Let us pass a complex variable as the parameter and see the result for the same.

```import numpy as np
import math
import cmath

a = 2.0
b = 3.0
z = complex(a,b)
c = np.cosh(z)

```

To use a complex variable we need to import a library named `cmath`. Then using the `complex()` method to get our complex variable ready and pass the same in our `numpy.cosh()` method We will get our result. Let’s print our results.

```print(z)
print(c)

(2+3j)
(-3.7245455049153224+0.5118225699873846j)
```

### Plotting Numpy.cosh() on a graph

```output_array = np.cosh(input)
print(output_array)

import matplotlib.pyplot as plt
plt.xlabel("input")
plt.ylabel("output_array")
plt.plot(input, output_array, color = 'green', marker = "*")
```

As you all know, to plot something on the graph, we need to import an additional library called Matplotlib. We imported the same and passed the input array created in method 2. We got our output loaded into the “`output_array`” After the implementation of our function.
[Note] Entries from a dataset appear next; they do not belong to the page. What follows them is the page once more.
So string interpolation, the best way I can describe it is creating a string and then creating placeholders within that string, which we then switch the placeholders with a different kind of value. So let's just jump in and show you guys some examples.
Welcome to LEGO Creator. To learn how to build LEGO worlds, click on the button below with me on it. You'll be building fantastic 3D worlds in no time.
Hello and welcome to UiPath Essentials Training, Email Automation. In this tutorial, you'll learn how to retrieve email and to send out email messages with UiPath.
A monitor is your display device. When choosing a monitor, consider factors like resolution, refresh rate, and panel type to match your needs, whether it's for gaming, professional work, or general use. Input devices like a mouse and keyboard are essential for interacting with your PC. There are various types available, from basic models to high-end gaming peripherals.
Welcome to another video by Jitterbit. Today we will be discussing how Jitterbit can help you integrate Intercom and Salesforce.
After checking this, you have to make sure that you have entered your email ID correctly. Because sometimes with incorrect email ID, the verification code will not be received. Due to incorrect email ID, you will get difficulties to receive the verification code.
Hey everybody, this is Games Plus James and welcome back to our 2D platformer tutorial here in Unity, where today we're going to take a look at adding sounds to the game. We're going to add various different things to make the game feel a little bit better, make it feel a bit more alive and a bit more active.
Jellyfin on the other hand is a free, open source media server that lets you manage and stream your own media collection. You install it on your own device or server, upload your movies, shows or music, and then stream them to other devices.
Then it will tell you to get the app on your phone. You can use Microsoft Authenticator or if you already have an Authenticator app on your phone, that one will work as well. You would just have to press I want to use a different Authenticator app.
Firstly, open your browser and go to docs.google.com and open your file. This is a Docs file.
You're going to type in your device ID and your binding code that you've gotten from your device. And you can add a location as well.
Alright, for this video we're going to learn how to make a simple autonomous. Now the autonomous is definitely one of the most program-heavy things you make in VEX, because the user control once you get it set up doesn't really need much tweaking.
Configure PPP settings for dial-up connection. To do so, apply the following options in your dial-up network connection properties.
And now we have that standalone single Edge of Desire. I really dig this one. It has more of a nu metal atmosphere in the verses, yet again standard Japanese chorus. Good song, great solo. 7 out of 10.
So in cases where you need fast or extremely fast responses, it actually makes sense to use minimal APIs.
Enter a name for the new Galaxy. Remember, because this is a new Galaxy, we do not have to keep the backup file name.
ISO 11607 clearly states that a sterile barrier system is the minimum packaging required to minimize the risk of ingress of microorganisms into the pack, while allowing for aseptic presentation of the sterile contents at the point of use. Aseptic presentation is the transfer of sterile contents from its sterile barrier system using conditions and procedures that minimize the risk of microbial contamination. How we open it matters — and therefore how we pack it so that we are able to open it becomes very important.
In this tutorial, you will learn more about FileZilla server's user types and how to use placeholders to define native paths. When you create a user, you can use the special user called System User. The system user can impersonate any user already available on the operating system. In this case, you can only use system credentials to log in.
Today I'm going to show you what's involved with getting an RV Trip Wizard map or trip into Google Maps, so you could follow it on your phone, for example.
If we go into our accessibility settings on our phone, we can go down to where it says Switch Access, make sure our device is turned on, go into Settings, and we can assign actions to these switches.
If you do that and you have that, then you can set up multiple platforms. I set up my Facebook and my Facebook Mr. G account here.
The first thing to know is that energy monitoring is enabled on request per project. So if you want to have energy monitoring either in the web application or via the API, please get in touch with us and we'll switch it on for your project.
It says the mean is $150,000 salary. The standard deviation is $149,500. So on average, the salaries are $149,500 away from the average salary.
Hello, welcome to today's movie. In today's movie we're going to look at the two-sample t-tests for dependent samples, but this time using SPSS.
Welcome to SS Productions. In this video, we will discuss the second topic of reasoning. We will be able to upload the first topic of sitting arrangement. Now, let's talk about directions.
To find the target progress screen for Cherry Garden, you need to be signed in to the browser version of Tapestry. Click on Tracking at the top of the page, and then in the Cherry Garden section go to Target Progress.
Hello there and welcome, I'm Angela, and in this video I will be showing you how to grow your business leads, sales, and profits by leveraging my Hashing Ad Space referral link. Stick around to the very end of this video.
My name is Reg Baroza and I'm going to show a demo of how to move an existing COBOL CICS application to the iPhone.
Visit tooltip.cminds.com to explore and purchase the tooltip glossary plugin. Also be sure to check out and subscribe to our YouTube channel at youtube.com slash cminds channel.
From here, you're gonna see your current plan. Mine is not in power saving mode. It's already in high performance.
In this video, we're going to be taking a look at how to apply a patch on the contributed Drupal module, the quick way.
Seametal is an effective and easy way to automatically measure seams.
After all, we represented our function using the input and output array and got the result below.

## Summary

Finally, We covered our article today. We tried four different methods by passing four different types of arguments. In this way, we can implement other hyperbolic functions. You can try them all by using the same code snippets and substituting the function syntax with our required hyperbolic function. Else We will visit again for the same. Thank you.